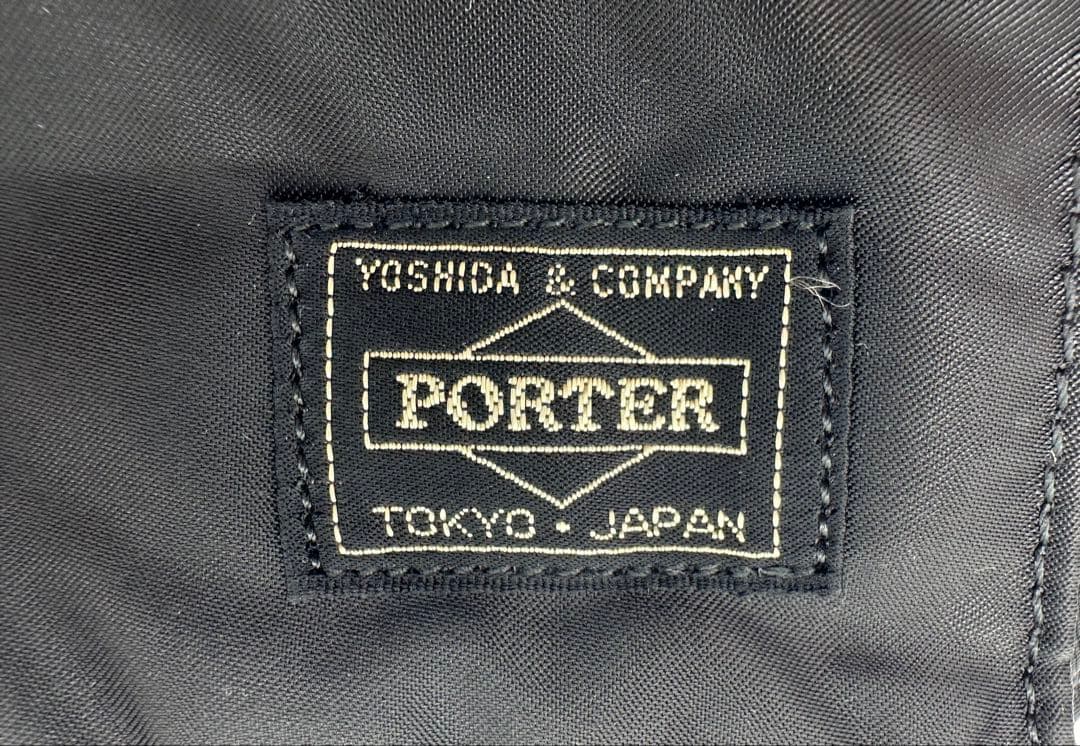 ポーター　タンカー　ショルダーバッグ
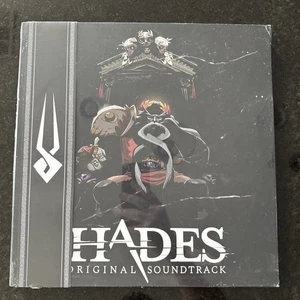 Darren Korb – Hades (Original Soundtrack) | 4×LP | Sealed | NM | Limited Edition - Bild 1 von 2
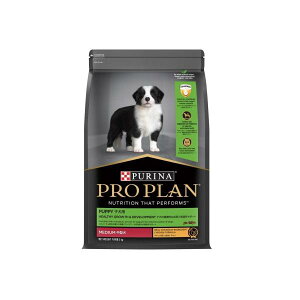 プロプラン 中型犬・大型犬 子犬用 子犬の健康的な成長と発達をサポート チキン 3kg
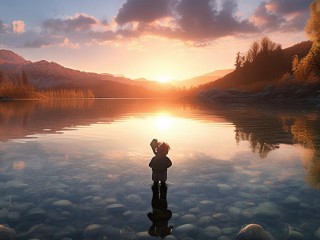 领略什么填空？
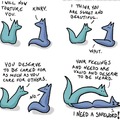 Positive foxes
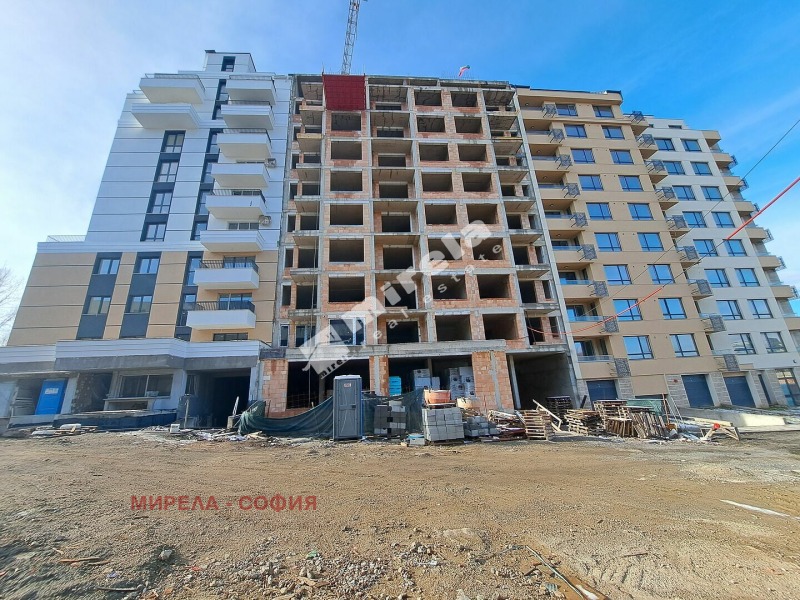 Продава 4-СТАЕН, гр. София, Овча купел, снимка 1 - Aпартаменти - 46906043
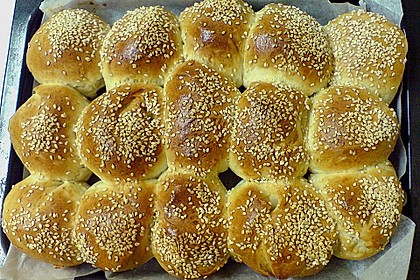 Brötchensonne mit ca. 50 Brötchen 65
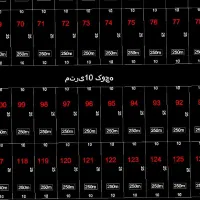 زمین مسکونی عنبراباد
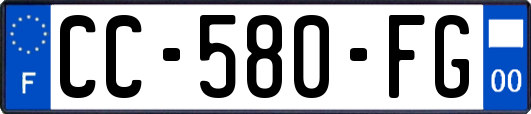 CC-580-FG
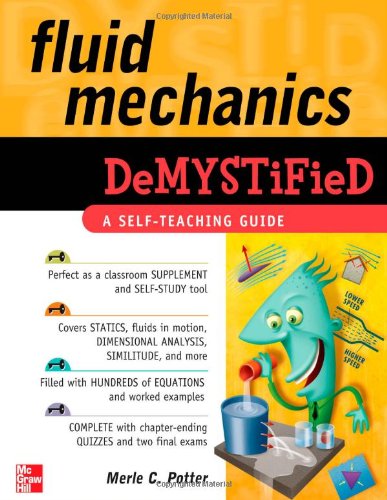 Fluid Mechanics Demystified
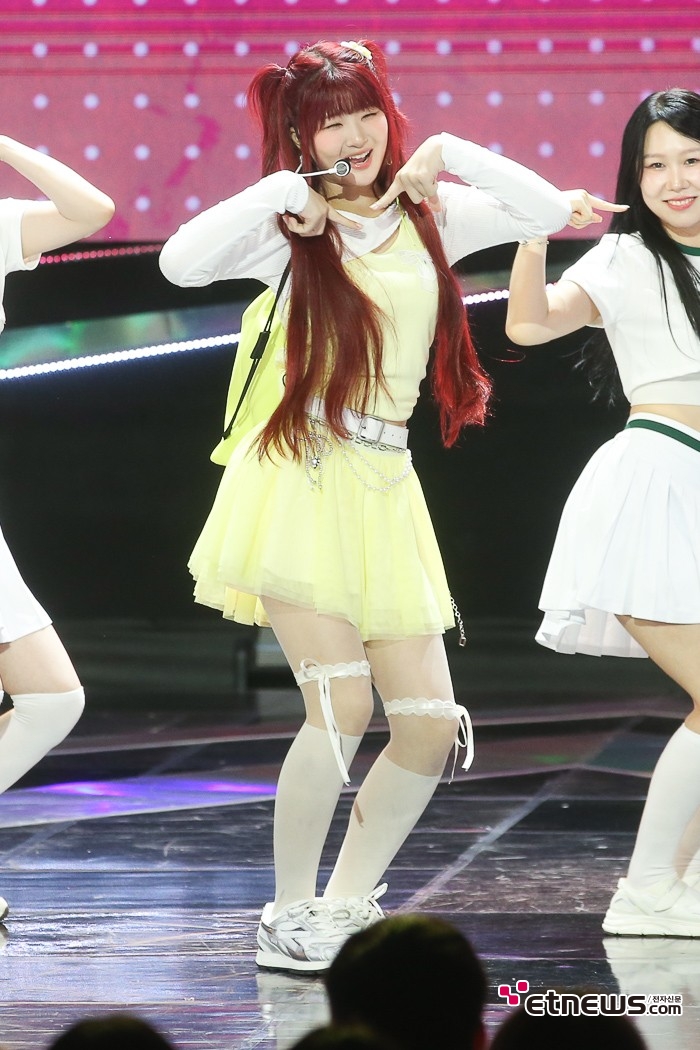 [ET포토] 서이브, '깜찍한 요정'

::::::

_Problem to work on_.
Output the line containing "زمین مسکونی عنبراباد" along with every line after it to the end of the material, exactly as written, but without pictures.

_Solution to this exercise_.
 زمین مسکونی عنبراباد
 CC-580-FG
 Fluid Mechanics Demystified
 [ET포토] 서이브, '깜찍한 요정'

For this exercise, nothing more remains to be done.